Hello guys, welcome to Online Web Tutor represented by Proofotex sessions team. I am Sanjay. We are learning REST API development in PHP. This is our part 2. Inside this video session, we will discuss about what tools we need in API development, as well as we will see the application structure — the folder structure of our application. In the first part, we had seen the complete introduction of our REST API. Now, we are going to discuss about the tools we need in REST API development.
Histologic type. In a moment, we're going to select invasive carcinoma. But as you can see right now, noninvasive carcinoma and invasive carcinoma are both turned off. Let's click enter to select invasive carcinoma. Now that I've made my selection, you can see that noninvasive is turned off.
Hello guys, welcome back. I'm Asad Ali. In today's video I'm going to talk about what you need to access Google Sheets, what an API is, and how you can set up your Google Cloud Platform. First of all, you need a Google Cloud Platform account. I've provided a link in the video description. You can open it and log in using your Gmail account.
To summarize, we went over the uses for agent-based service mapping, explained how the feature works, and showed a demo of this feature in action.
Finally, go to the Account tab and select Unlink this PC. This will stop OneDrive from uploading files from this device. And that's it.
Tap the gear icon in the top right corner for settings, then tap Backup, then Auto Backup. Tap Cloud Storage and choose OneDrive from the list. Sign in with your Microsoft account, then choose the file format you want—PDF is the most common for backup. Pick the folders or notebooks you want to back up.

----

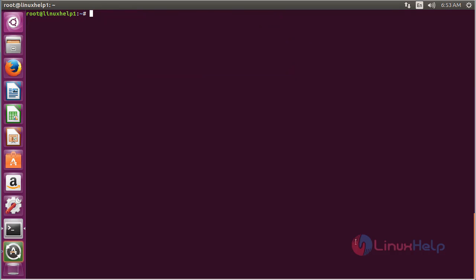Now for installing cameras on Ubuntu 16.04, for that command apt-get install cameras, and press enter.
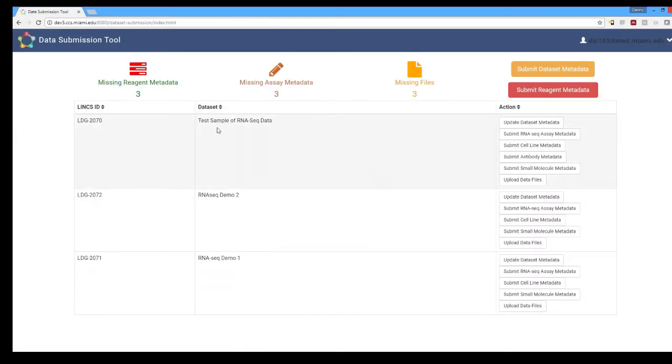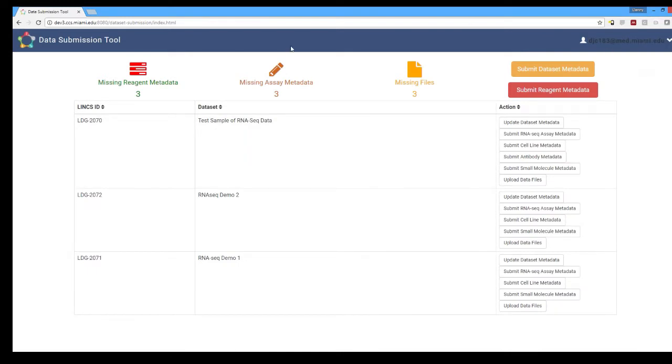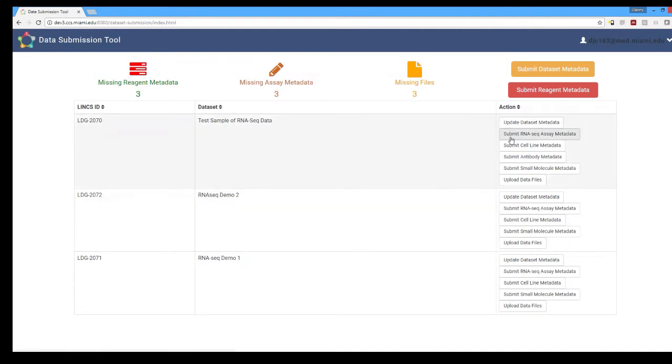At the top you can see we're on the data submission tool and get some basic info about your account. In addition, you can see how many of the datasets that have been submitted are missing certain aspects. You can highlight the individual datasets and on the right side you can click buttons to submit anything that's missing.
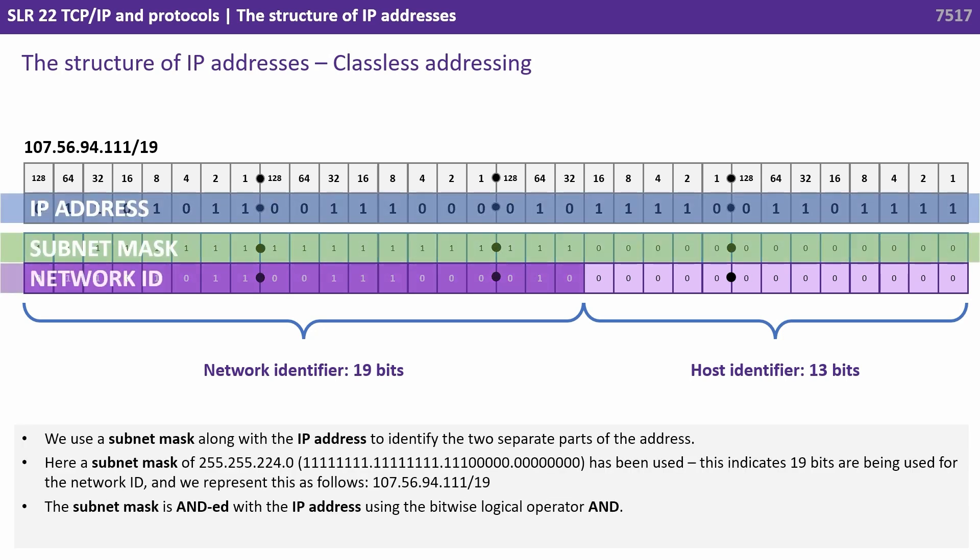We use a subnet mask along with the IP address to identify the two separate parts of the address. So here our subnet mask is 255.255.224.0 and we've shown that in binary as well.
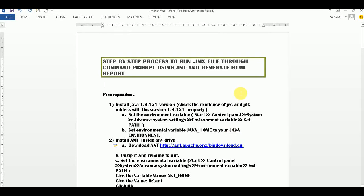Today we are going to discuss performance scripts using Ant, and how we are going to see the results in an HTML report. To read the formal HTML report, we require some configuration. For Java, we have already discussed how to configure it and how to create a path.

----

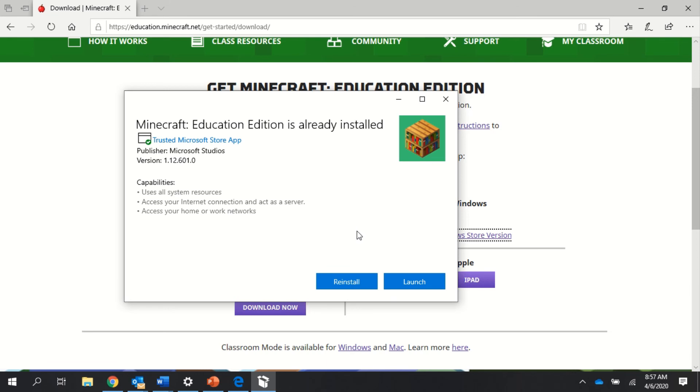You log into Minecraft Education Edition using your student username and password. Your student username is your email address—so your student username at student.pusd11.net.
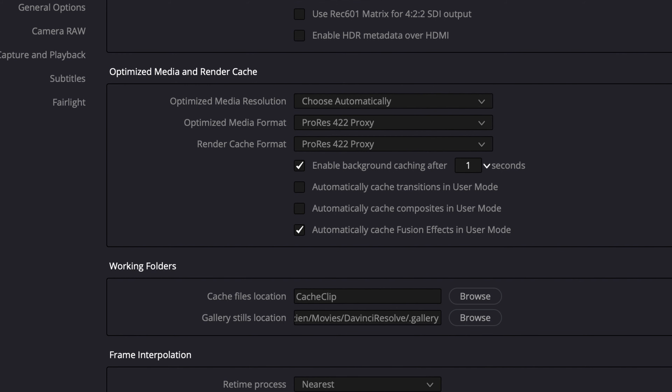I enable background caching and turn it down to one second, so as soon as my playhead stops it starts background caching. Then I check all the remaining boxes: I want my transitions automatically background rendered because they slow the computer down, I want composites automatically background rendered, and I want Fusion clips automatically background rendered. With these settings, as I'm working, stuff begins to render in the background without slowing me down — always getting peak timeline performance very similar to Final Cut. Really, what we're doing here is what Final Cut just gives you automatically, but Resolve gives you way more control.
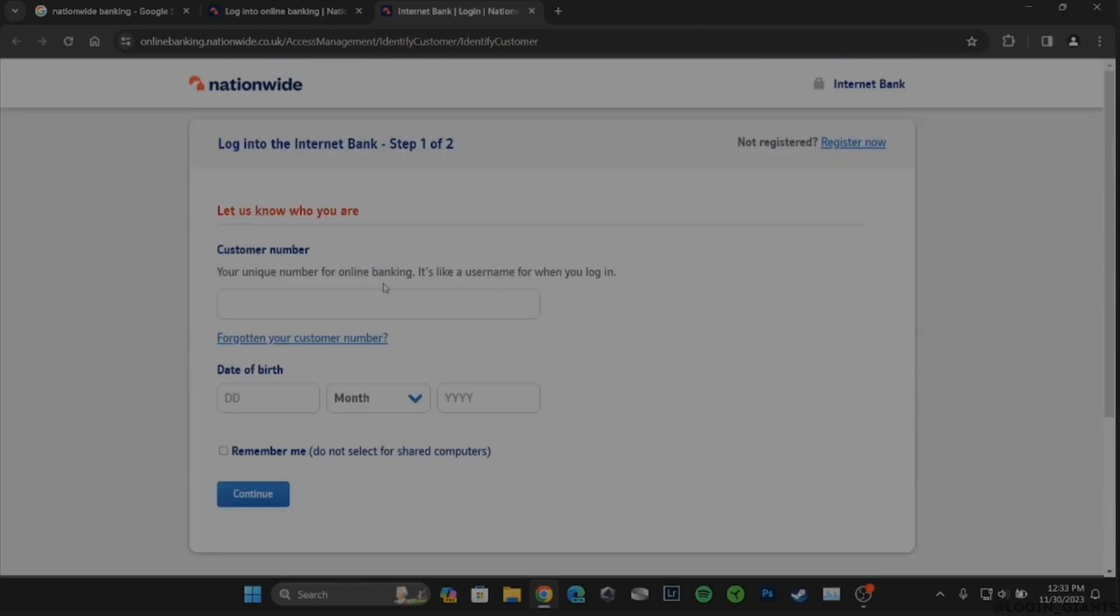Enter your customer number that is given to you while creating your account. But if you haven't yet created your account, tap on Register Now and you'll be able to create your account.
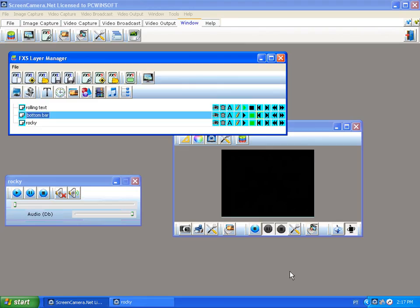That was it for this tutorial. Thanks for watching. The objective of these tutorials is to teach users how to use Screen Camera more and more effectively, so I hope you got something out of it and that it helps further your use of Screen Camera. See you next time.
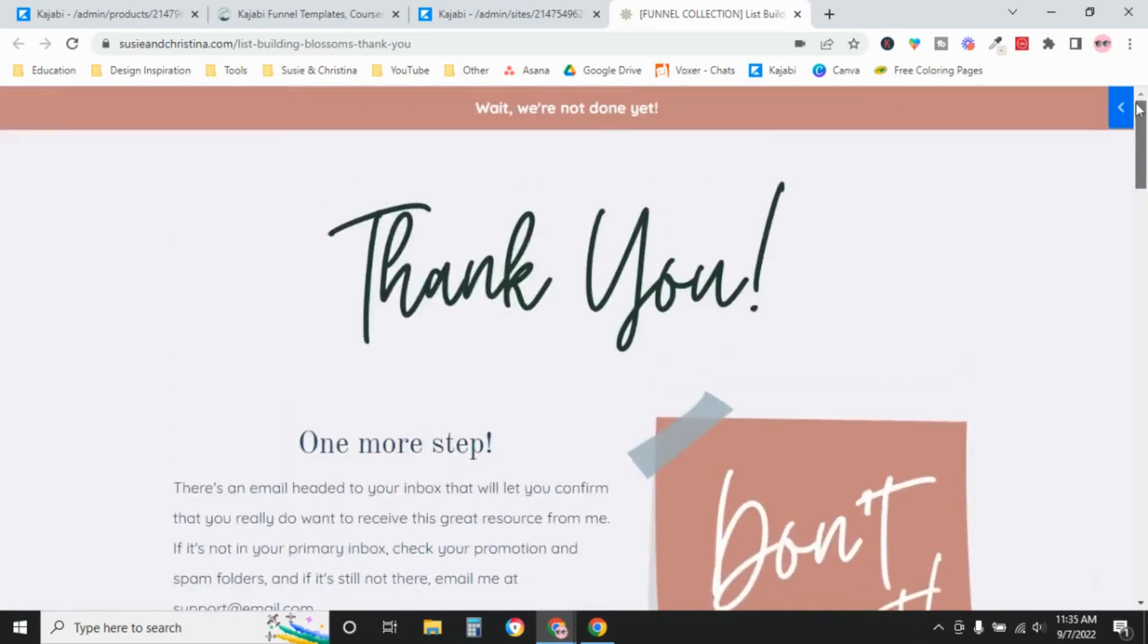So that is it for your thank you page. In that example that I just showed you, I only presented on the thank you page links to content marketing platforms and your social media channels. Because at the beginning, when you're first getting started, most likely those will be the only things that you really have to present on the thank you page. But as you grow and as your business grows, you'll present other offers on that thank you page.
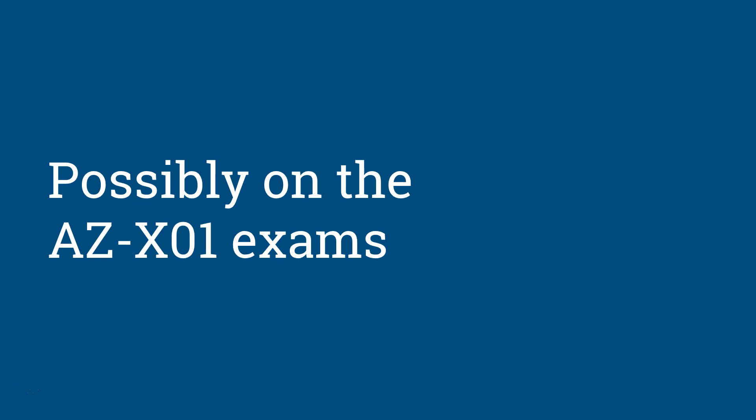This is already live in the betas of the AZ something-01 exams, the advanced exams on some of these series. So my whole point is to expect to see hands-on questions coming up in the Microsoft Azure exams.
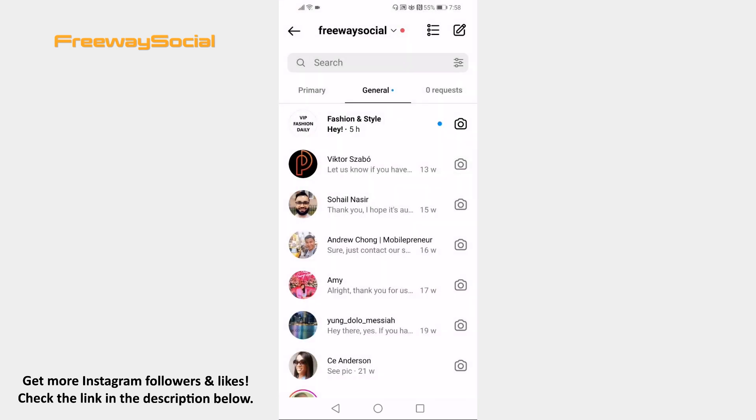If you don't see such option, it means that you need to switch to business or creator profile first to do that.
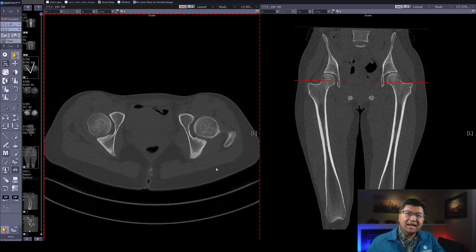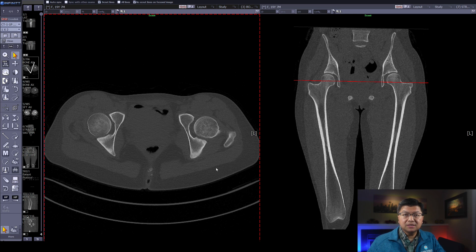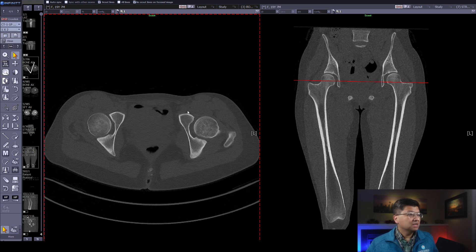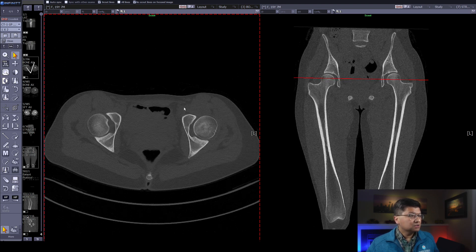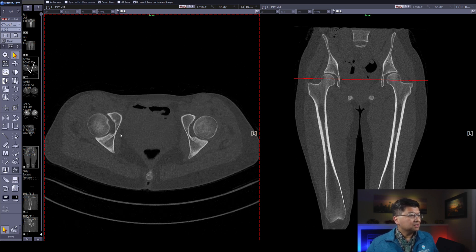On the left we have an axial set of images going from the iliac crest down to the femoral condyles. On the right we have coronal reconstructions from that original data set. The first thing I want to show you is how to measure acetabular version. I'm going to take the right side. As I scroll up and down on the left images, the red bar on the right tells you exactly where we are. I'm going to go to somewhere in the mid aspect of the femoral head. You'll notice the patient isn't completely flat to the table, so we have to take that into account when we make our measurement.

----

Directions for this task -> With the pictures omitted, restate word for word the lines above from the line that has "At the top you" up to and including the line that has "Today we are", and no other lines.

Answer to this problem ->
At the top you can see we're on the data submission tool and get some basic info about your account. In addition, you can see how many of the datasets that have been submitted are missing certain aspects. You can highlight the individual datasets and on the right side you can click buttons to submit anything that's missing.
We use a subnet mask along with the IP address to identify the two separate parts of the address. So here our subnet mask is 255.255.224.0 and we've shown that in binary as well.
Today we are going to discuss performance scripts using Ant, and how we are going to see the results in an HTML report. To read the formal HTML report, we require some configuration. For Java, we have already discussed how to configure it and how to create a path.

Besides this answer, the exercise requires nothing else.